Every line of the material below, from the top through the line with "RED VALENTINO Lace", should be reproduced exactly.
::::
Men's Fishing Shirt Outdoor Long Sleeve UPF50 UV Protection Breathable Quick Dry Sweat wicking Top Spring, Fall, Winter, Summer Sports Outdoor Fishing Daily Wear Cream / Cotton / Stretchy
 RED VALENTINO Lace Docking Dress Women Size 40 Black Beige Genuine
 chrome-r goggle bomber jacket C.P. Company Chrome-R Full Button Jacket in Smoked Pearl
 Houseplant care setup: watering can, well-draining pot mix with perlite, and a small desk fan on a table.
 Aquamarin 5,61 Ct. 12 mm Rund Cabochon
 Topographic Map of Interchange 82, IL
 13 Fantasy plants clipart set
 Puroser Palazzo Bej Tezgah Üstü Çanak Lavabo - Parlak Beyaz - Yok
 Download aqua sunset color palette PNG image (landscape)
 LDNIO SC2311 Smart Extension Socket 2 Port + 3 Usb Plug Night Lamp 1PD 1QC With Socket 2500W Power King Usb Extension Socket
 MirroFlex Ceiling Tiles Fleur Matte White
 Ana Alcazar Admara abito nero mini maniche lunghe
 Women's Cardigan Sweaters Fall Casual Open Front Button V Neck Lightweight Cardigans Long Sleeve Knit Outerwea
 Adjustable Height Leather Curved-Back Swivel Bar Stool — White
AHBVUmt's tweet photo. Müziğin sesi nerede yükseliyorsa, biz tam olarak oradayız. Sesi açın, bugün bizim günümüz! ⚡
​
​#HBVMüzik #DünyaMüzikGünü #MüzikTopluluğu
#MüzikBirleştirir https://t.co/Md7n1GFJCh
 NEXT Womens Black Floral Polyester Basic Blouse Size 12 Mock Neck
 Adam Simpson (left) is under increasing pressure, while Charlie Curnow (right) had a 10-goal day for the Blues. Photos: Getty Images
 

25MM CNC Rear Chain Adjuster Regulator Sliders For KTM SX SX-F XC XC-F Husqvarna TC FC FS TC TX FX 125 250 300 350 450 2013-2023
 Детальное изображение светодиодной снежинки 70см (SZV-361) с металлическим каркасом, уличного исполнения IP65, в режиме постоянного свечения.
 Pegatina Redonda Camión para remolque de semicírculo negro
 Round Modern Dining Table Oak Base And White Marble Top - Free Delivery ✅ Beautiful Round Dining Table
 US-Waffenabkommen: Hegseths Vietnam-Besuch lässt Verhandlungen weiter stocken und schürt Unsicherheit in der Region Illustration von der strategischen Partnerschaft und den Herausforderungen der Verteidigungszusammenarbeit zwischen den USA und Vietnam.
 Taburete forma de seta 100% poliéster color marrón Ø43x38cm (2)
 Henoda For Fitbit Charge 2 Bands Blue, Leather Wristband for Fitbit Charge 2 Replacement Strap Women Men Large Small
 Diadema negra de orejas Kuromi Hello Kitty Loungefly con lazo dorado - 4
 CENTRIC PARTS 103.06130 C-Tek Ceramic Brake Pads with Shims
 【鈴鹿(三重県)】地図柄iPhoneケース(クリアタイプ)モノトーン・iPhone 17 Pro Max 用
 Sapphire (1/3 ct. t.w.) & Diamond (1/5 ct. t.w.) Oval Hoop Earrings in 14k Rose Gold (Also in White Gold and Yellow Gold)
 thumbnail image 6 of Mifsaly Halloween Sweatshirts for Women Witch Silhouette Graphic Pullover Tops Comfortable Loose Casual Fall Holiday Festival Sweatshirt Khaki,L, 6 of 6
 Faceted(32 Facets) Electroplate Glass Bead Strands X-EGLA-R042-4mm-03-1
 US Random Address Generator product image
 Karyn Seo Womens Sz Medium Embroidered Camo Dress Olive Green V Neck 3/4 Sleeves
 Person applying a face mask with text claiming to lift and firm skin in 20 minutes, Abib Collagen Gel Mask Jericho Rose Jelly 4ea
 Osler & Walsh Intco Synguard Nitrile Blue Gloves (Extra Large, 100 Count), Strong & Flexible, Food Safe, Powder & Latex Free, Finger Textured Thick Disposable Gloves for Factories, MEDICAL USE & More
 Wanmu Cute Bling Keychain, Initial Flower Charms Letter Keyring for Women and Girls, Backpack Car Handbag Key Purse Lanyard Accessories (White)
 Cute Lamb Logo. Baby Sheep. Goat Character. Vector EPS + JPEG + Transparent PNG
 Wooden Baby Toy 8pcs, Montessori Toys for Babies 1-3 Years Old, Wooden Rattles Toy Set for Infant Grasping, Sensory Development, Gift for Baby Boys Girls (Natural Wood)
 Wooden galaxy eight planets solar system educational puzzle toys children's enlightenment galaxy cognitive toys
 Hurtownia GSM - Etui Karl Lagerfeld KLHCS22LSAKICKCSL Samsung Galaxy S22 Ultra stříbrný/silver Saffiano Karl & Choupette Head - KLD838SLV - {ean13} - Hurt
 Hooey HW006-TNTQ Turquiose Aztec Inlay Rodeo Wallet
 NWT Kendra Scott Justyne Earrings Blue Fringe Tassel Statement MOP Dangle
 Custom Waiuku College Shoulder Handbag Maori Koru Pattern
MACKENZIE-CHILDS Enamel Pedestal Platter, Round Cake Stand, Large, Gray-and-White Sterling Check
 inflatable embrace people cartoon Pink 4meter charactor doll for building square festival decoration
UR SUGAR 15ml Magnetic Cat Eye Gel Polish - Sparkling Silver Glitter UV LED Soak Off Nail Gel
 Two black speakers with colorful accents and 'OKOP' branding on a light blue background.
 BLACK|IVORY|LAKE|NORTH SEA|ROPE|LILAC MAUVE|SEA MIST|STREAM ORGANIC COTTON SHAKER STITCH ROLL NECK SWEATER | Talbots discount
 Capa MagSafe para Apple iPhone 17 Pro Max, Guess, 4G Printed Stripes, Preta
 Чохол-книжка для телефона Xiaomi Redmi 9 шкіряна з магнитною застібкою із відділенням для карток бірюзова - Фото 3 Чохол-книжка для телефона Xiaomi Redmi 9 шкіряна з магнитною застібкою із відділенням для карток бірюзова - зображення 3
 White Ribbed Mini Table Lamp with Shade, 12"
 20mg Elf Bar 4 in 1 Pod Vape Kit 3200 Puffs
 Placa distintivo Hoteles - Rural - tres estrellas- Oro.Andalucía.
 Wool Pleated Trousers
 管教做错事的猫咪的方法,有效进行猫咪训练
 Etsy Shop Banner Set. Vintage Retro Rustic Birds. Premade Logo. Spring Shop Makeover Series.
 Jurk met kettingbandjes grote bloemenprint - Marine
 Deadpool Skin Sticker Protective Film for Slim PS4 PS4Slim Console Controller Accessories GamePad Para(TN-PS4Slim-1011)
::::
Answer space:
Men's Fishing Shirt Outdoor Long Sleeve UPF50 UV Protection Breathable Quick Dry Sweat wicking Top Spring, Fall, Winter, Summer Sports Outdoor Fishing Daily Wear Cream / Cotton / Stretchy
 RED VALENTINO Lace Docking Dress Women Size 40 Black Beige Genuine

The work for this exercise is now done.